Paul booked a holiday to Cape Verde through Thomson with his partner. Paul also booked champagne and chocolates for the flight (£34). Paul paid extra to booking seats and to get seats with extra legroom. (£54) Oh, and he paid for a taxi transfer too (£64).

Checking in

All fine and dandy huh? Nope. Why? On arrival they checked in at the airport check-in desk on their reservation (remember pre-booked/paid for seats) with no issues or problems. The pre-booked seat numbers were 16A & 16B.

Departure gate

However, at the departure gate when their boarding tickets were scanned, the scanners flashed ‘Red’; for both Paul and his partner Alex. They were extracted from the aircraft boarding gate queue by departure gate staff/security which was very embarrassing for them. The departure gate staff checked on the computer screen and advised them that the seats they had pre-booked and checked in on were no longer their seats. AND no one apologised for this error. Appalling!

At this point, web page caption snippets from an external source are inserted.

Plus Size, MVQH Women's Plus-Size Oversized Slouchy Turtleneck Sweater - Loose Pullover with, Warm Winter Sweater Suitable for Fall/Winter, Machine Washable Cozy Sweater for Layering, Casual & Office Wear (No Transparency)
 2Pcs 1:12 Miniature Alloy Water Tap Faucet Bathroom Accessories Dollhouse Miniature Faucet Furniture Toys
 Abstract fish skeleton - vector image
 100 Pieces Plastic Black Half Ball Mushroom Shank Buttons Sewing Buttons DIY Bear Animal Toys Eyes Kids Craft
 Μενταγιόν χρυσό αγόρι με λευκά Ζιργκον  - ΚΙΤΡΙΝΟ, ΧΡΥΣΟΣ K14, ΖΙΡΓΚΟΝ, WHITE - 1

They were then given different seat numbers, sat separately on different rows and again with no apology.  When asked why this was, when they had pre-booked and paid for their seats (and more) and had checked in on these seat numbers with no issue, as the boarding passes showed. They were very rudely told that there was nothing they could do and that either they took the alternative seats or not board the aircraft, again with no apology. Not board? The cheek of it! Having been faced with the embarrassment of being extracted from the queue boarding the aircraft, the abrupt and rude attitude of the departure gate staff, they decided that they would prefer not to travel and asked for their luggage to be removed from the aircraft.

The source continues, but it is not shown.